Provided material:

BEGIN

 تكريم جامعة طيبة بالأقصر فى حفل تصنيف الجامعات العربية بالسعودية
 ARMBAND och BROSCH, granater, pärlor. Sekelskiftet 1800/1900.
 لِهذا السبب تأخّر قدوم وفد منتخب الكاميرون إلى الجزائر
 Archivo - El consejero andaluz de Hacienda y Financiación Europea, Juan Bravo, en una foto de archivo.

END

Task requirements:
Nothing should appear in the answer except the lines from the one containing "لِهذا السبب تأخّر" to the end of the data above, reproduced exactly.

Solution for this problem:
 لِهذا السبب تأخّر قدوم وفد منتخب الكاميرون إلى الجزائر
 Archivo - El consejero andaluz de Hacienda y Financiación Europea, Juan Bravo, en una foto de archivo.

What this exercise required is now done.